4.6.06

Ce que j'aime et admire des amérindiens et d'autres, les moines par exemple (qui constituent, quand on y pense bien, presque un peuple à part), c'est leur sens du sacré. Leur capacité à s'incliner, pleins de respect, devant les choses que nous tenons trop souvent pour acquises, pour nôtres. On dit que le peuple Saanich, par exemple, avait une légende concernant ses origines. Le peuple était pauvre, avait de la difficulté à se nourrir. Or, voilà que le peuple saumon s'en est aperçu et a décidé de les aider, dans un esprit de solidarité entre être vivants.
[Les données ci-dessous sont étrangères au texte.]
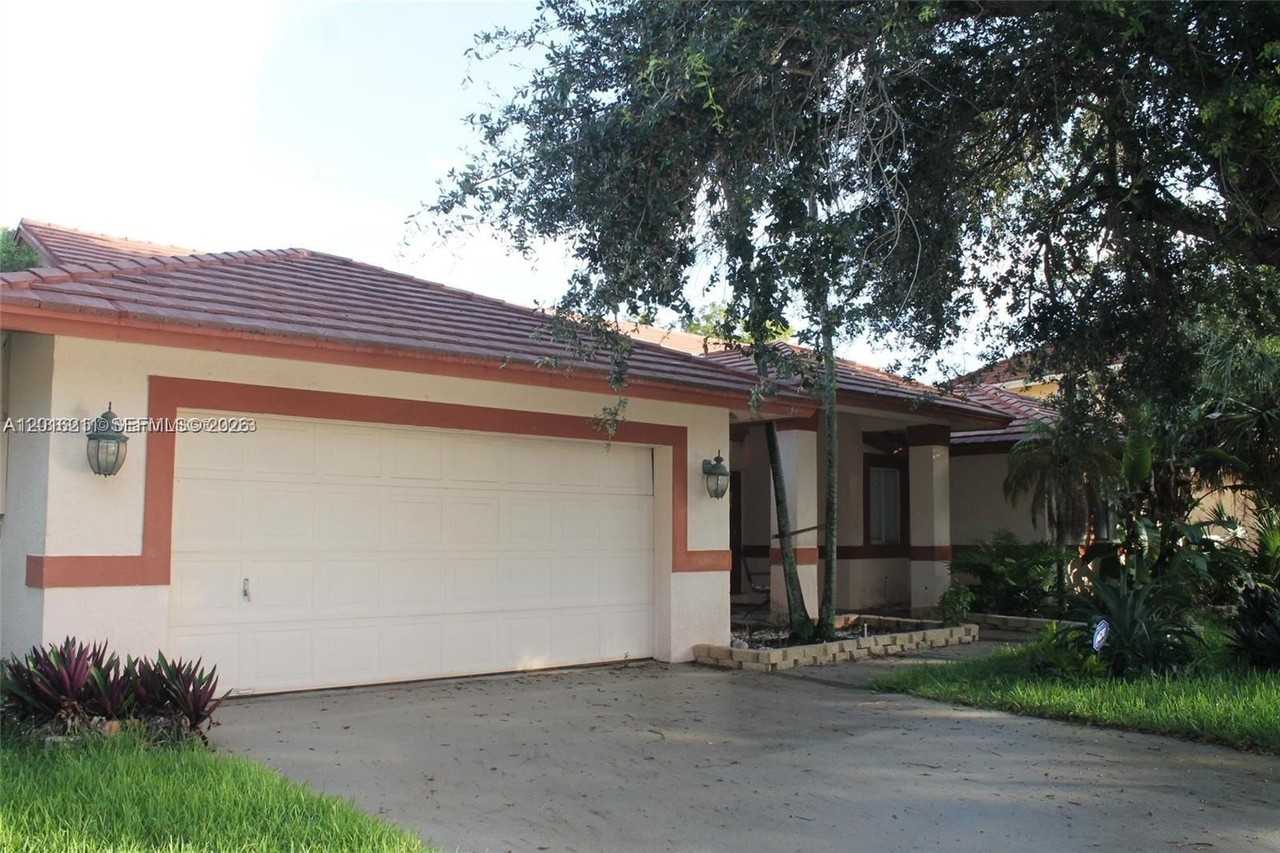 10340 Sw 15th St - Photo 2 of 19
Les saumons, pour sauver les hommes de la faim, leur auraient tout simplement appris comment pêcher et comment honorer les saumons en retour.
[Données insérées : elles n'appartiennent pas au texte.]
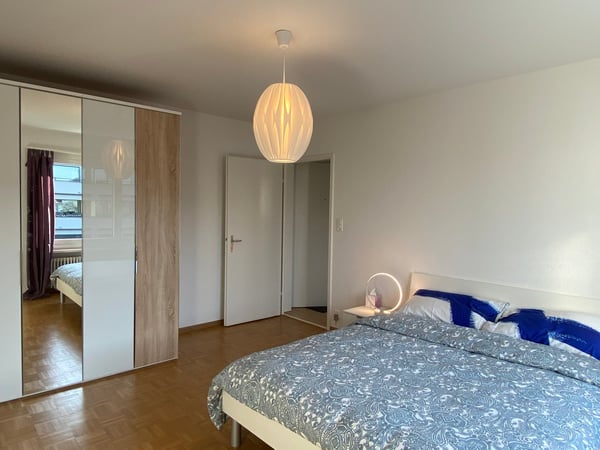 🏡 Furnished 2.5-Room Apartment with Private Balcony in Dübendorf – 8600 7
Les saumons, en faisant don de leur abondance, sauvaient les hommes, et ceux-ci apprenaient à respecter le monde et ses habitants, à en connaître le caractère sacré, à réaliser à quel point ils ne pouvaient rien faire seuls. Cette vérité, inscrite dans une légende bien plus solidement que dans n'importe quel livre, ne devait plus les quitter jusqu'à ce que le monde change, en apparence du moins, jusqu'à ce qu'on ne le comprenne plus bien. On a l'impression que le sens des choses a évolué, que tout est plus complexe ou plus simple, mais en tout cas moins magique. Et il me semble qu'on se trompe.

Pendant que les amérindiens savent peut-être encore reconnaître les choses simples et secrètes du monde, pendant que certains moines peuvent se recueillir devant la tombée du jour, la plupart d'entre nous avançons insouciants à travers les jours, certains de trouver du poisson à la poissonnerie, des fruits à la fruiterie, des viandes à la boucherie, ou encore le tout dans une méga-épicerie au coin de deux autoroutes.

Et pour cette abondance qui confine au gaspillage, nous ne savons plus comment dire merci, que ce soit à un dieu ou à un saumon.